Cohan macht deutlich, dass Domain-Investoren mit Domain-Namen, die unabhängig von der Verwendung einer Marke eine eigene Anziehungskraft und damit einen eigenen Wert haben, handeln. Ein Cybersquatter hingegen registriert eine Domain nur deshalb, weil der Domain-Name einer bestimmten Marke ähnlich ist, um einen Teil des vom Markeninhaber geschaffenen Wertes abzuschöpfen. Ein Kollege habe zum Beispiel die nicht in die „Definition“ des Overview 3.0 passenden, für ihn aber attraktiven Domains manvy.com und qeido.com registriert, die er Jahre später sehr erfolgreich an Start-Ups verkaufen konnte. Wenn man bedenkt, dass etwa 10 Mio. Domains als Investment registriert gehalten werden, deren Mehrheit irgendwelche erfundene Silbenzusammensetzungen sind und eben gerade nicht Akronyme oder normale Wörter, wird deutlich, dass die Idee im Overview 3.0 davon, wie Investorendomains aussehen, nur in seltenen Fällen greift. Weiter klärt Cohan über die Preiskalkulation von Investoren auf, die oft für Panelisten nicht nachvollziehbar ist. So kalkuliere ein Investor beim Kauf einer Domain für US$ 1.000,– einen Wiederverkaufswert von zwischen US$ 5.000,– bis zu US$ 20.000,–. Mitberücksichtigt ist dabei, dass ein Domain-Portfolio von einigen tausend Domains im besten Falle zwei Prozent Domains jährlich umsetzt. Ein solches Portfolio muss verwaltet, die Domain-Registrierungsgebühren müssen gezahlt werden, es müssen neue, lukrativ erscheinende Domains registriert, gekauft oder ersteigert werden, für Einkünfte müssen Steuern entrichtet werden und der Investor muss davon auch noch leben können.

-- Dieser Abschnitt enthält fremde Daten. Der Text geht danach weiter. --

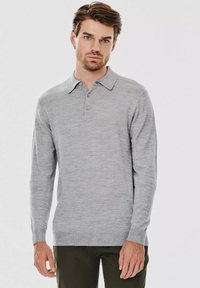 Szary longsleeve polo wykonany z miękkiego materiału, z kołnierzykiem, trzema guzikami oraz prążkowanymi mankietami i dołem.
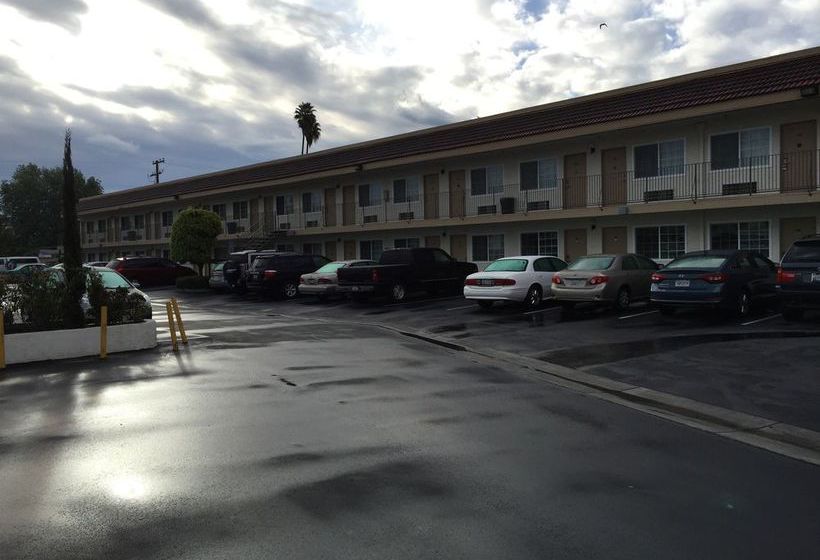 Hotel The Dixie Orange County Stanton California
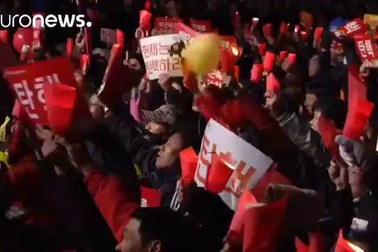 Biểu tình lớn trước thềm phiên tòa luận tội Tổng thống Hàn Quốc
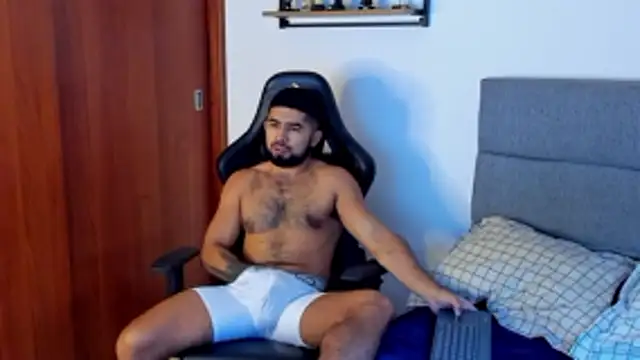 Snapshot of ethaanjones chatting on 7, 1, 2026 ethaanjones online show from 7, 1, 2026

Panelisten verlangen zudem von Domain-Investoren, alle möglichen Markendatenbanken abzurufen und zu prüfen, ob Markenrechtsverletzungen vorliegen. Statt dieser geforderten Anstrengungen konstatieren sie allerdings, dass Investoren Domains in »vorsätzlicher Blindheit« registrieren, die einen bequemen Ersatz für klares Denken darstelle. Damit übergehen sie allerdings die Komplexität des ihnen eigentlich wohlbekannten Markenrechts: Markenrechte sind begrenzt, einerseits in ihrem Schutzbereich, den Klassen, und aber auch geographisch. Nur weil ein kleines Unternehmen irgendwo einen Landesmarkeneintrag für einen nicht unterscheidungskräftigen und herkunftsorientierten Begriff hat, bedeutet nicht, dass es Inhaber eines weltweiten Monopols auf den geschützten Begriff ist. Cohan führt seine Erfahrungen und Gedanken weiter und stellt unter anderem Fest:
»The Policy was not developed with domain name investors in mind, the guidance applicable to domain name investors is vague and subjective, and the factually intensive disputes between two parties claiming a legitimate interest in the domain name are not well suited to such an abbreviated procedure.«
Die Aufgabe für Panelisten sei deshalb schwierig. Um gerechte Entscheidungen zu erzielen, müssen sie besonnen und mit Umsicht vorgehen.